** Opening PROVIDED MATERIAL block **

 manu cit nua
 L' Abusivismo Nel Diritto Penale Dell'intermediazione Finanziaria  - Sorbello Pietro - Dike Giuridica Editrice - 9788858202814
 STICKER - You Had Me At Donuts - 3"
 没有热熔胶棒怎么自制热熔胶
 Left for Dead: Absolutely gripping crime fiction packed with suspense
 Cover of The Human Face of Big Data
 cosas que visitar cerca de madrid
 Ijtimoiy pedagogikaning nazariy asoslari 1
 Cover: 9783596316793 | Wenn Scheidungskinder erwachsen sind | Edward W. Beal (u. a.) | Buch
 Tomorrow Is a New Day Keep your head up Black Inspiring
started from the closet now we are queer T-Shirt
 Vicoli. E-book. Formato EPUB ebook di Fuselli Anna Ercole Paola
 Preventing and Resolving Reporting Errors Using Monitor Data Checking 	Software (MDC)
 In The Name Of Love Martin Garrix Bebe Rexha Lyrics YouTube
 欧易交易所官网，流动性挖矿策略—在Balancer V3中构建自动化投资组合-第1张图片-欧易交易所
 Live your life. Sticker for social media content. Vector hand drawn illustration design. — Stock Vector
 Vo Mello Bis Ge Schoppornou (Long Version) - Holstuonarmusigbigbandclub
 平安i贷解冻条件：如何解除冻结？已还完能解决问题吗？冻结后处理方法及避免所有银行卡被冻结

** Closing PROVIDED MATERIAL block **
** Opening PROVIDED MATERIAL block **

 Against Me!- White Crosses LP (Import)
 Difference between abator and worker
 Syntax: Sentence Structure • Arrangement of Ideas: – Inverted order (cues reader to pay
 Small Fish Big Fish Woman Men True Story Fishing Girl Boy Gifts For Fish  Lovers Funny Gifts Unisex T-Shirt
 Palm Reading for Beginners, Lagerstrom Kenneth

** Closing PROVIDED MATERIAL block **
** Opening PROVIDED MATERIAL block **

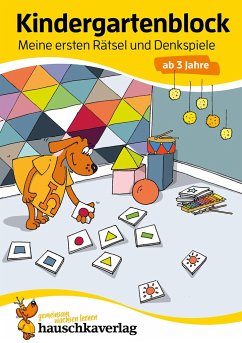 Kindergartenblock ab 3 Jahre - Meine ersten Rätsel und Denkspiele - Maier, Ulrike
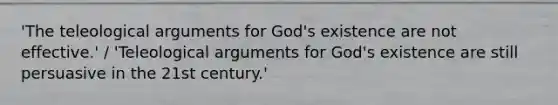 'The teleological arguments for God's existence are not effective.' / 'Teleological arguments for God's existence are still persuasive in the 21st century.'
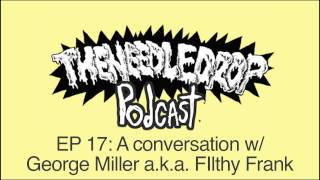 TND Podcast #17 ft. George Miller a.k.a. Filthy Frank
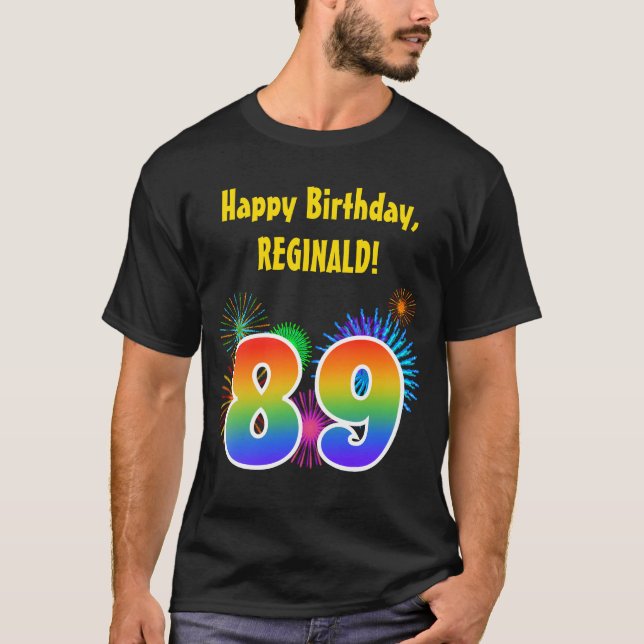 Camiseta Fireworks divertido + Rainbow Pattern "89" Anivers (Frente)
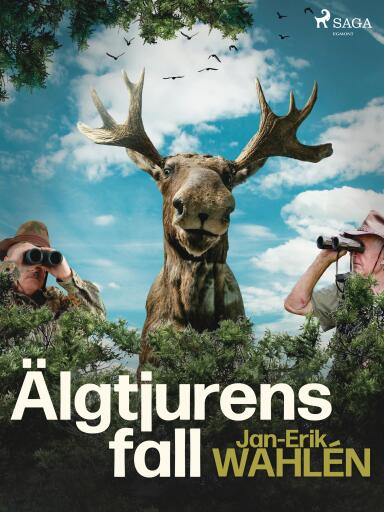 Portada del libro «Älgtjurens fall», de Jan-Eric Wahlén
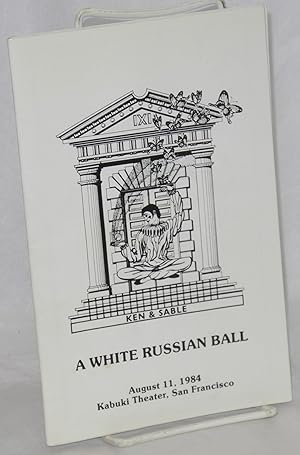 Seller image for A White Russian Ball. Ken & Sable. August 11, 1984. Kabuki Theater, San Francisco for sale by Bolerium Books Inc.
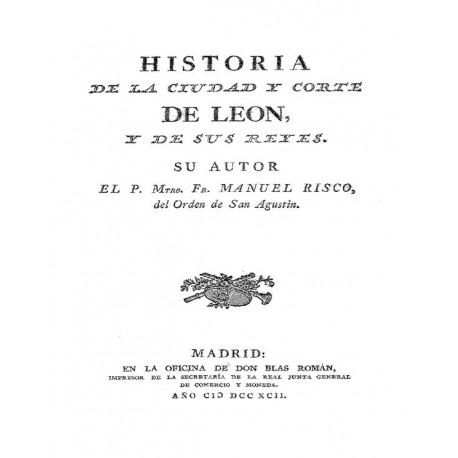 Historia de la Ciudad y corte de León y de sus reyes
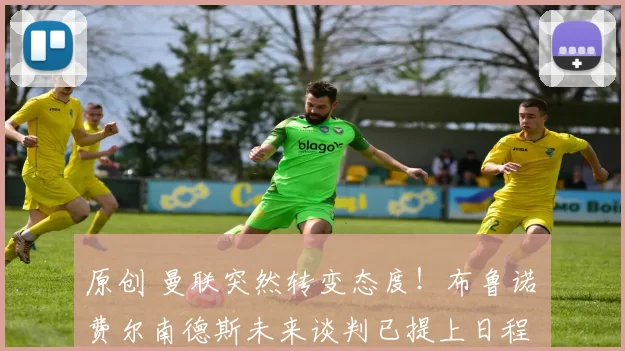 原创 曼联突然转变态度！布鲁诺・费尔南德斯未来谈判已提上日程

** Closing PROVIDED MATERIAL block **

- WHAT IS REQUIRED -
Above are the records. Print exactly, and only, the lines from the line with "manu cit nua" to the line with "Vicoli. E-book. Formato", both inclusive.

- REPLY TO THE TASK -
 manu cit nua
 L' Abusivismo Nel Diritto Penale Dell'intermediazione Finanziaria  - Sorbello Pietro - Dike Giuridica Editrice - 9788858202814
 STICKER - You Had Me At Donuts - 3"
 没有热熔胶棒怎么自制热熔胶
 Left for Dead: Absolutely gripping crime fiction packed with suspense
 Cover of The Human Face of Big Data
 cosas que visitar cerca de madrid
 Ijtimoiy pedagogikaning nazariy asoslari 1
 Cover: 9783596316793 | Wenn Scheidungskinder erwachsen sind | Edward W. Beal (u. a.) | Buch
 Tomorrow Is a New Day Keep your head up Black Inspiring
started from the closet now we are queer T-Shirt
 Vicoli. E-book. Formato EPUB ebook di Fuselli Anna Ercole Paola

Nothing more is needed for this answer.